An ancillary benefit of including these primary sources might be greater Biblical literacy in public debates. Many Christians, and even more non-Christians, do not adequately understandto cite but one example—Paul’s argument regarding the Jewish law.

This showed up in the debate about homosexuality ensuing from the decision by Psalm 100, a Christian a cappella group at Chapel Hill, to remove a gay member. Many opponents, such as those posting in the comments section of this Daily Tar Heel letter to the editor, criticized the Christian group for sanctimony in failing to follow as diligently Old Testament laws prohibiting consumption of shellfish and wearing of multi-fabric clothes. Raleigh News & Observer columnist Barry Saunders approvingly quoted the same line of thinking in a different context. Had they possessed a basic knowledge of Paul’s thought, they would have recognized that Paul abandoned Old Testament law, including such restrictions, while still opposing homosexuality on other grounds.

All too often, Christians decline to engage with others about scripture in an academic setting. While empirical historical evidence will never be sufficient for faith, the ideas that merit faith should also survive the tests of academic pursuit. Christians should, therefore, not only themselves pursue academic study of the scriptures, but actively support its inclusion in Western history curricula in a significant way, without fearing that liberal bias will corrupt it.

The primary obstacle to integration of scriptural study with academia is fear of attacks on the Bible’s historical authenticity, as represented at UNC by renowned scholar Bart Ehrman.
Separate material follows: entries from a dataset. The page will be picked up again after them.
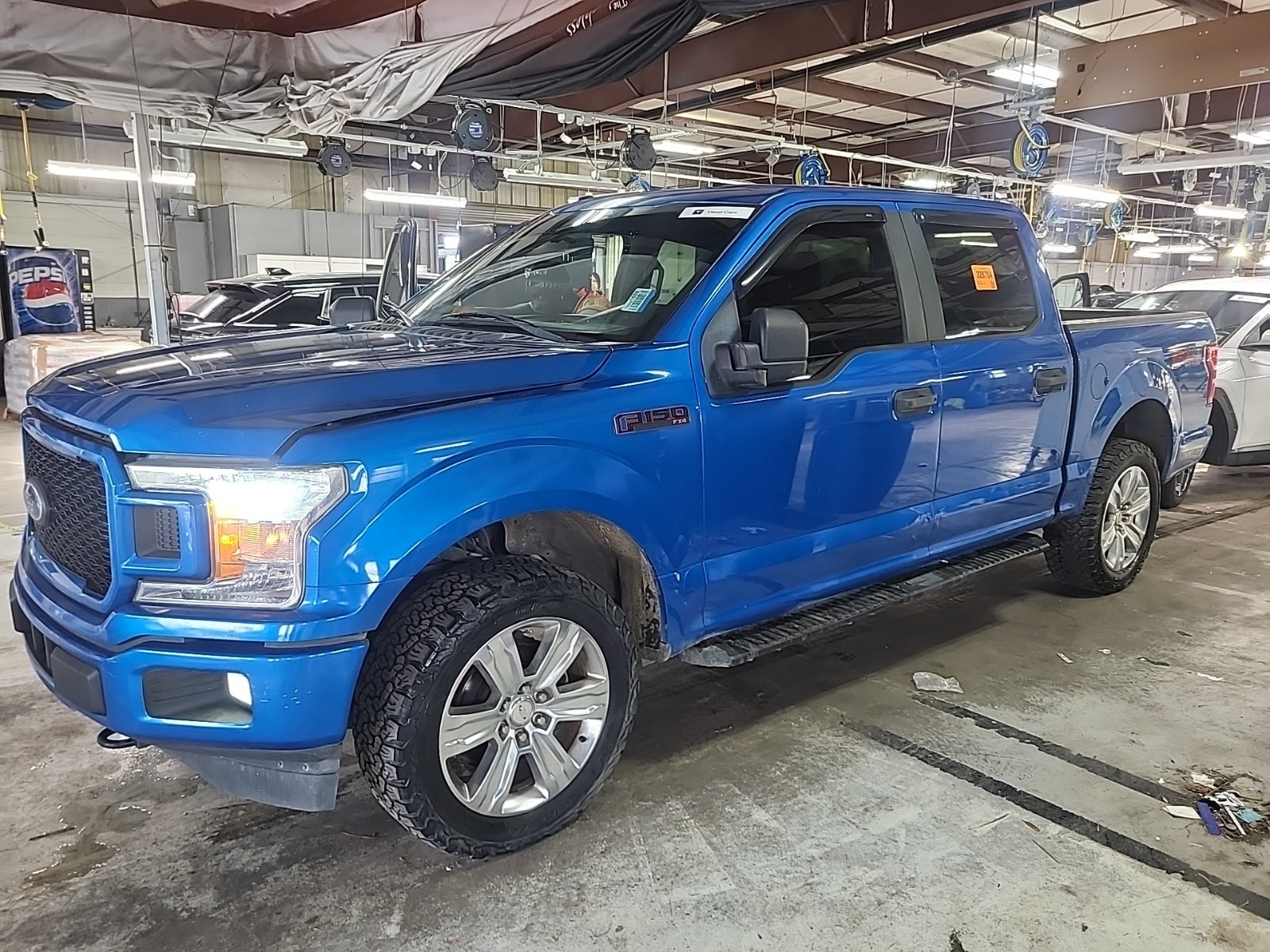 2019 Ford F-150 XL 4WD Supercrew 5.5' Box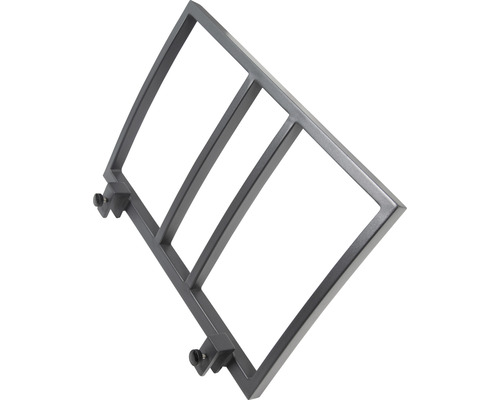 Grillrosthalterung
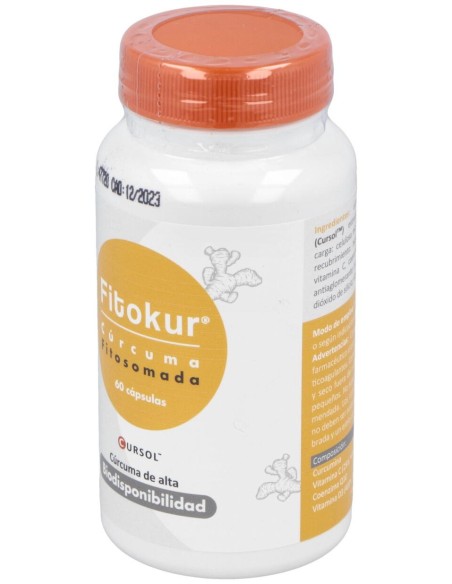Margan Fitokur 60Caps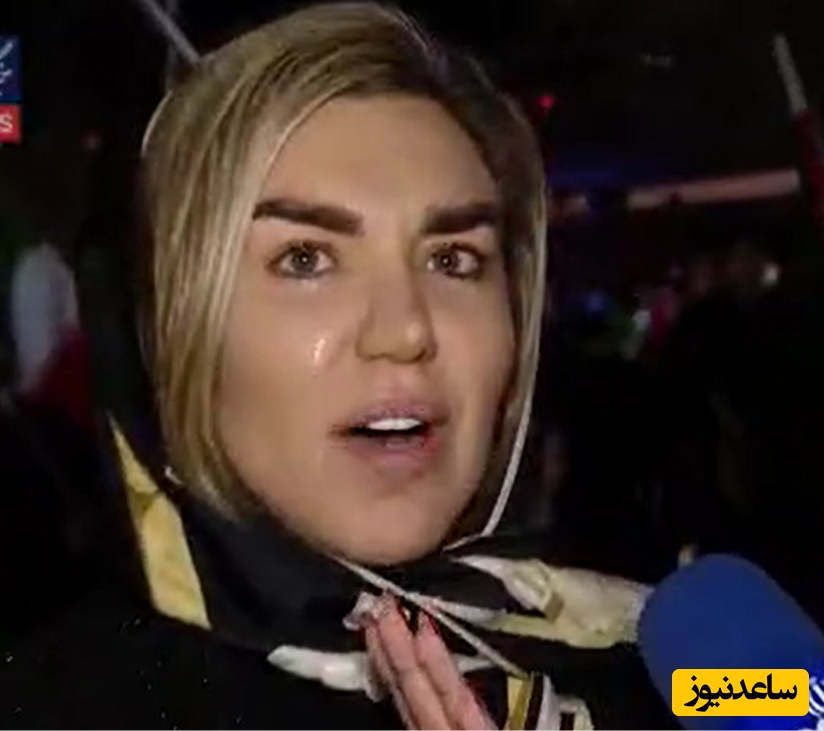 ایران؛ نام مستعارِ غیرت ما؛ روایت اشکبار بانوی ایرانی: حجاب ندارم اما تا پای جان پای این خاک وایمیستم و از همه می‌خوام... +ویدیو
While I think that Professor Ehrman is wrong about many things, he does give the Bible a fair teaching within his purpose of teaching religion as a historical phenomenon. His courses reflect the consensus of scholars who utilize the basic empirical assumptions that run across all academic disciplines in the West, and he directs students to alternative scholarly viewpoints in his textbook.
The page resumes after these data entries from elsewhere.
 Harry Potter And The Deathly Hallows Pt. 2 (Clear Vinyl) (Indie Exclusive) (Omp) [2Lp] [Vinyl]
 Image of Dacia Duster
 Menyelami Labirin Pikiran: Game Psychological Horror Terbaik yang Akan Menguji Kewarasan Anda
Pure objectivity in a university setting is impossible, and attempts at it are not necessarily ideal; students ought to be capable of understanding a professor’s perspective, critically examining that perspective, and locating sources for alternate perspectives. Only student apathy stands in the way of that expectation.

Because a Western history survey course has only the task of introducing students to the texts, and thus to the ideas of its primary thinkers and basic theological precepts, questions about historical truthfulness do not necessarily matter. Christians certainly believe what the Old Testament teaches about the history of the Jewish people, and they believe what the New Testament says about the ministry of Jesus and Paul. But in a survey course, these questions can be left unresolved in order to teach that these texts and the ideas expressed by them, historically accurate or not, affected our civilization in indisputable ways. Details of textual criticism are for religious studies departments.

In a survey course, students need only know the historical man named Jesus and the historical man named Paul, and that their existence and thought changed the world. To present Christianity’s message from our perspective and convey it to the world rests on the Christian Church, and its inclusion in a public university education is a valuable cooperative foundation.